Leave the images aside and output every entry exactly.
*** Task data Section Begins ***
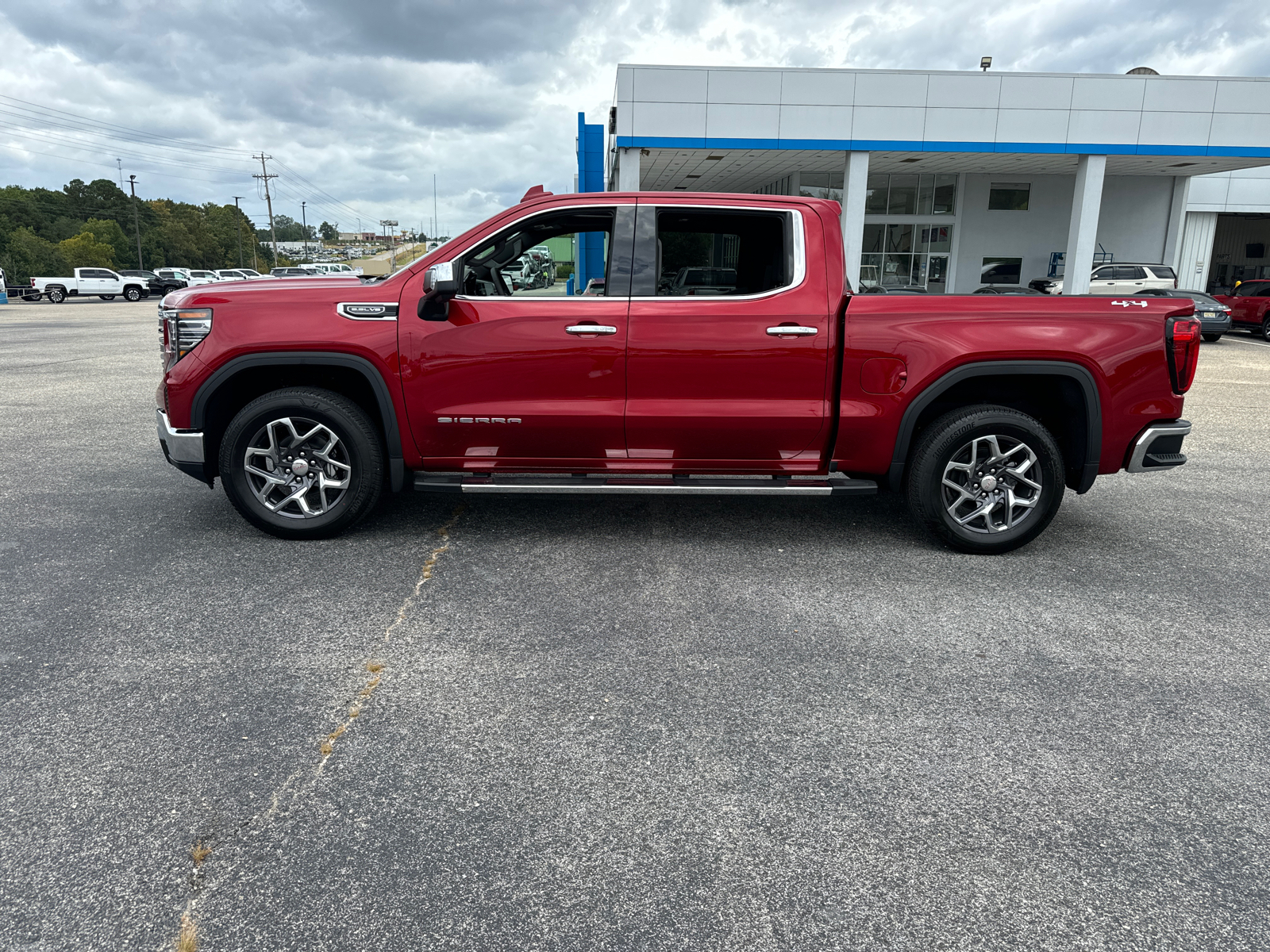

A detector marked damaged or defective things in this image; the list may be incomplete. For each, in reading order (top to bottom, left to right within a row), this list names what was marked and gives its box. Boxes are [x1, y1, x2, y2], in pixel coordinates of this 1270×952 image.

pavement crack [165, 505, 467, 946]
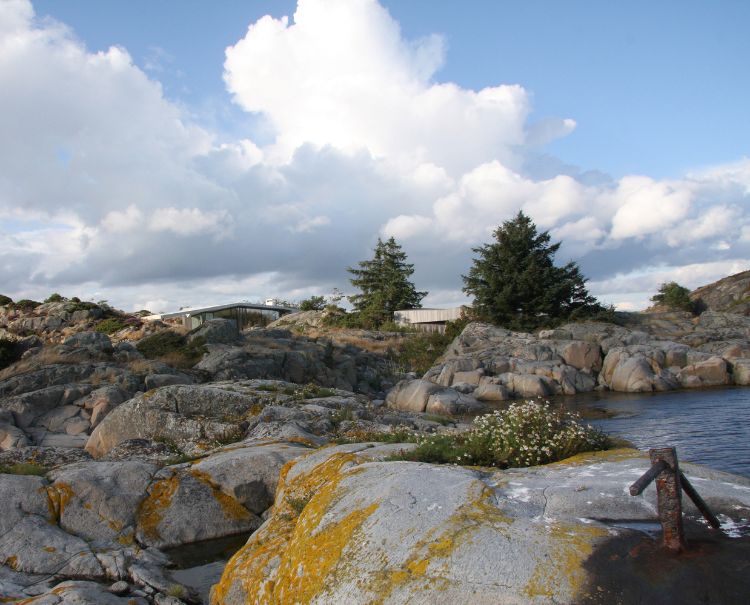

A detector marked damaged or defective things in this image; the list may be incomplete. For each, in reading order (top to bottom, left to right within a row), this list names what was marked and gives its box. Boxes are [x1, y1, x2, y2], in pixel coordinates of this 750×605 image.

rusty metal post [652, 446, 688, 548]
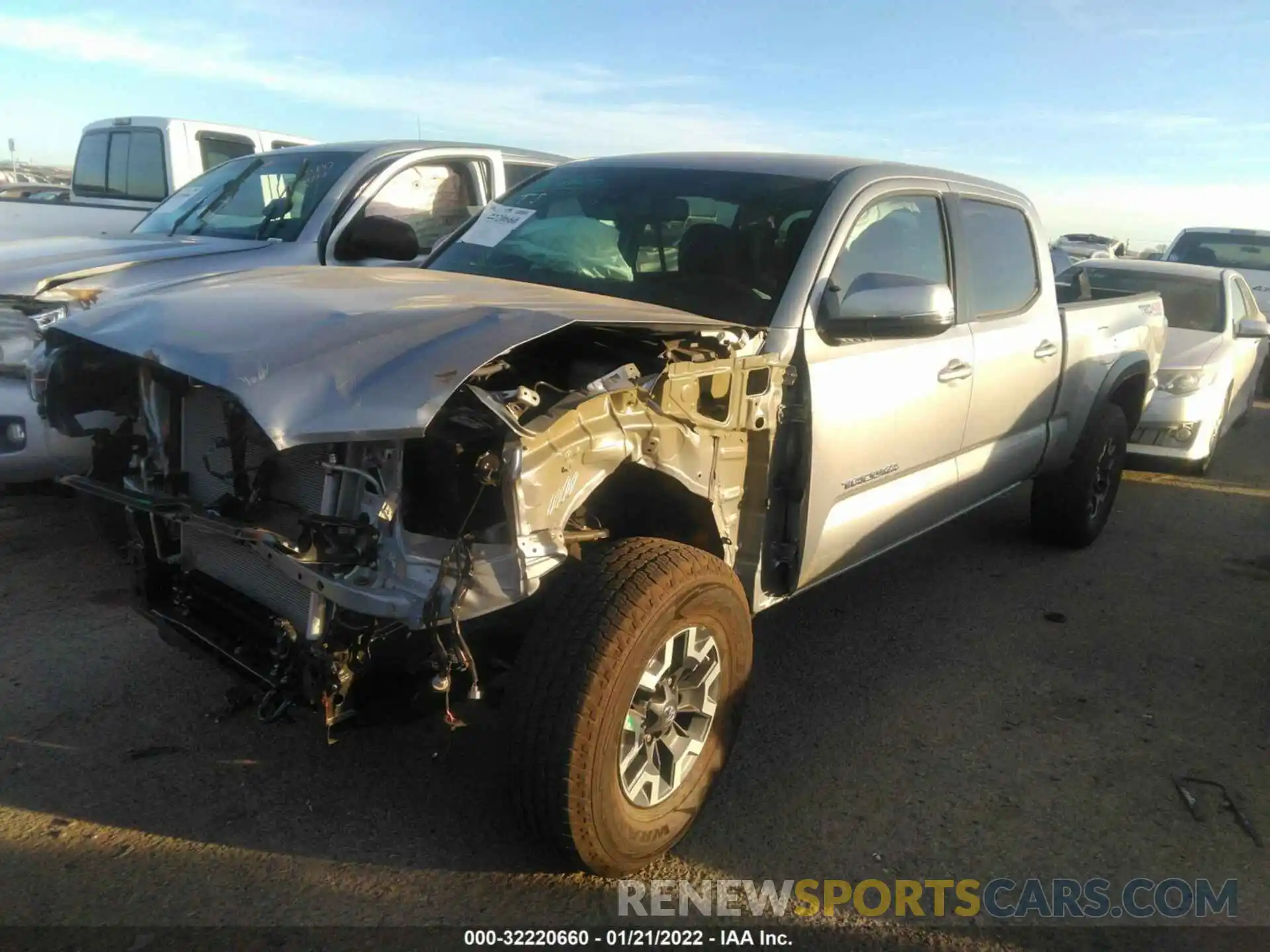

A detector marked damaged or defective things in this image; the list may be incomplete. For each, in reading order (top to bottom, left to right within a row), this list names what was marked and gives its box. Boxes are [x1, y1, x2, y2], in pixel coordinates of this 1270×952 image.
*** Task data Section Ends ***
### [Exercise solution]
A detector marked damaged or defective things in this image; the list may be incomplete. For each, in reading order (top to bottom, left to right within a row), this list names what was marked and gives its box. Boxes are [x1, y1, x2, y2], in pixel coordinates of this 1270×952 image.

pavement crack [165, 505, 467, 946]

A detector marked damaged or defective things in this image; the list may be incomplete. For each, in reading order (top to bottom, left to right within a row), this list names what was marked and gives its box. Boxes are [x1, y1, x2, y2], in pixel coordinates of this 750×605 image.

rusty metal post [652, 446, 688, 548]

A detector marked damaged or defective things in this image; the list may be incomplete. For each, in reading order (top to bottom, left to right within a row), this list names what was marked and gives its box. Boxes are [x1, y1, x2, y2], in pixel coordinates of this 1270×952 image.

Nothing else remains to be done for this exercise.